Re: Seeking Insight into Nutch Configurations

AJ Chen-3
Does anyone have a EC2 image that runs smoothly for >3000 domains?  If a
sample of the complete nutch&hadoop configurations for distributed crawling
on EC2 is available for the community, that will help anyone to learn nutch
best practice quickly.
-aj


On Mon, Aug 2, 2010 at 1:59 PM, Scott Gonyea <[hidden email]> wrote:

> By the way, can anyone tell me if there is a way to explicitly limit how
> many pages should be fetched, per fetcher-task?
>
> I know that one limit to this, is that each site/domain/whatever could
> exceed that limit (assuming the limit were lower than the number of those
> sites).  For politeness, that limit would have to be soft.  But that's more
> than suitable, in my opinion.
>
> I think part of the problem is that, seemingly, Nutch seems to be
> generating
> some really unbalanced fetcher tasks.
>
> The task (task_201008021617_0026_m_000000) had 6859 pages to fetch.  Each
> higher-numbered task had fewer pages to fetch.  Task 000180 only had 44
> pages to fetch.
>
> This *huge* imbalance, I think, creates tasks that are seemingly
> unpredictable.  All of my other resources just sit around, wasting
> resources, until one task grabs some crazy number of sites.
>
> Thanks again,
> sg
>
> On Mon, Aug 2, 2010 at 11:57 AM, Scott Gonyea <[hidden email]> wrote:
>
> > Thank you very much, Adrzej.  I'm really hoping some people can share
> some
> > non-sensitive details of their setup.  I'm really curious about the
> > following:
> >
> > The ratio of Maps to Reduces for their nutch jobs?
> > The amount of memory that they allocate to each job task?
> > The number of simultaneous Maps/Reduces on any given host?
> > The number of fetcher threads they execute?
> >
> > Any config setup people can share would be great, so I can have a
> different
> > perspective on how people setup their nutch-site and mapred-site files.
> >
> > At the moment, I'm experimenting with the following configs:
> >
> > http://gist.github.com/505065
> >
> > I'm giving each task 2048m of memory.  Up to 5 Maps and 2 Reduces run at
> > any given time.  I have Nutch firing off 181 Maps and 41 Reduces.  Those
> are
> > both prime numbers, but I don't know if that really matters.  I've seen
> > Hadoop say that the number of reducers should be around the number of
> nodes
> > you have (the nearest prime).  I've seen, somewhere, some suggestions
> that
> > Nutch maps/reduces be anywhere from 1:0.93-1:1.25.  Does anyone have
> insight
> > to share on that?
> >
> > Thank you, Andrzej for the SIGQUIT suggestion.  I forgot about that.  I'm
> > waiting for it to return to the 4th fetch step, so I can see why Nutch
> hates
> > me so much.
> >
> > sg
> >
> > On Mon, Aug 2, 2010 at 3:47 AM, Andrzej Bialecki <[hidden email]> wrote:
> >
> >> On 2010-08-02 10:17, Scott Gonyea wrote:
> >>
> >>> The big problem that I am facing, thus far, occurs on the 4th fetch.
> >>> All but 1 or 2 maps complete.
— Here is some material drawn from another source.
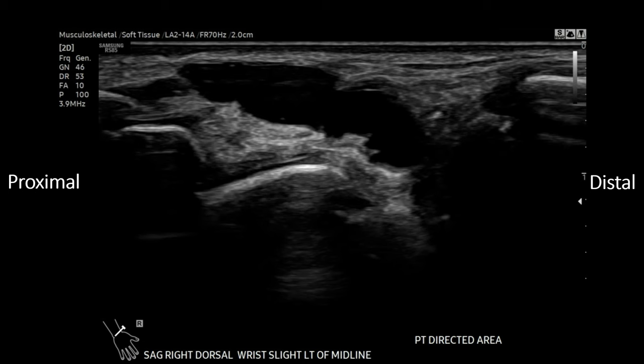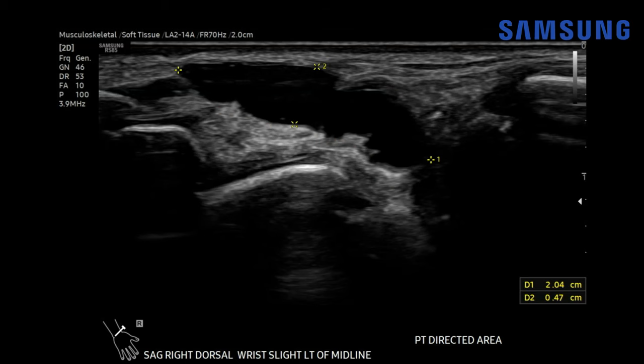Throughout this presentation, just to orient you, if I'm showing a sagittal or long axis image, the left-hand side of the image will be the proximal aspect of the patient and the right-hand side will be the distal aspect. So here we're looking at the dorsal wrist, and there's this lobulated anechoic cystic structure which appears superficial proximally and then dives deep towards the joint as we move distally. It measures about two centimeters.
All of the running reduces stall (0.00
> >>> MB/s), presumably because they are waiting on that map to finish? I
> >>> really don't know and it's frustrating.
> >>>
> >>
> >> Yes, all map tasks need to finish before reduce tasks are able to
> proceed.
> >> The reason is that each reduce task receives a portion of the keyspace
> (and
> >> values) according to the Partitioner, and in order to prepare a nice
> <key,
> >> list(value)> in your reducer it needs to, well, get all the values under
> >> this key first, whichever map task produced the tuples, and then sort
> them.
> >>
> >> The failing tasks probably fail due to some other factor, and very
> likely
> >> (based on my experience) the failure is related to some particular URLs.
> >> E.g. regex URL filtering can choke on some pathological URLs, like URLs
> 20kB
> >> long, or containing '\0' etc, etc. In my experience, it's best to keep
> regex
> >> filtering to a minimum if you can, and use other urlfilters (prefix,
> domain,
> >> suffix, custom) to limit your crawling frontier. There are simply too
> many
> >> ways where a regex engine can lock up.
> >>
> >> Please check the logs of the failing tasks. If you see that a task is
> >> stalled you could also log in to the node, and generate a thread dump a
> few
> >> times in a row (kill -SIGQUIT <pid>) - if each thread dump shows the
> regex
> >> processing then it's likely this is your problem.
> >>
> >>
> >>  My scenario: # Sites: 10,000-30,000 per crawl Depth: ~5 Content: Text
> >>> is all that I care for. (HTML/RSS/XML) Nodes: Amazon EC2 (ugh)
> >>> Storage: I've performed crawls with HDFS and with amazon S3. I
> >>> thought S3 would be more performant, yet it doesn't appear to affect
> >>> matters. Cost vs Speed: I don't mind throwing EC2 instances at this
> >>> to get it done quickly... But I can't imagine I need much more than
> >>> 10-20 mid-size instances for this.
> >>>
> >>
> >> That's correct - with this number of unique sites the max. throughput of
> >> your crawl will be ultimately limited by the politeness limits (# of
> >> requests/site/sec).
> >>
> >>
> >>
> >>> Can anyone share their own experiences in the performance they've
> >>> seen?
> >>>
> >>
> >> There is a very simple benchmark in trunk/ that you could use to measure
> >> the raw performance (data processing throughput) of your EC2 cluster.
> The
> >> real-life performance, though, will depend on many other factors, such
> as
> >> the number of unique sites, their individual speed, and (rarely) the
> total
> >> bandwidth at your end.
> >>
> >>
> >> --
> >> Best regards,
> >> Andrzej Bialecki     <><
> >>  ___. ___ ___ ___ _ _   __________________________________
> >> [__ || __|__/|__||\/|  Information Retrieval, Semantic Web
> >> ___|||__||  \|  ||  |  Embedded Unix, System Integration
> >> http://www.sigram.com  Contact: info at sigram dot com
> >>
> >>
> >
>
Reply | Threaded
Open this post in threaded view
|

Re: Seeking Insight into Nutch Configurations

Scott Gonyea
I have created a long stream of AMIs, and had planned to build one out that
can be used as a cookie-cutter for everyone else.  Time isn't as long as it
used to be (stupid physics).

Besides scrubbing any client-sensitive residue from such an image, I'd need
to figure out how to tell the slaves to point at the master node.  Right
now, I use an elastic IP and I carve that into the AMI's hadoop
installation.

The AMI, by the way, is basically just your run-of-the-mill Hadoop cluster,
with the various conf settings having been tuned to my
trial-by-instance-hour-billing experiences.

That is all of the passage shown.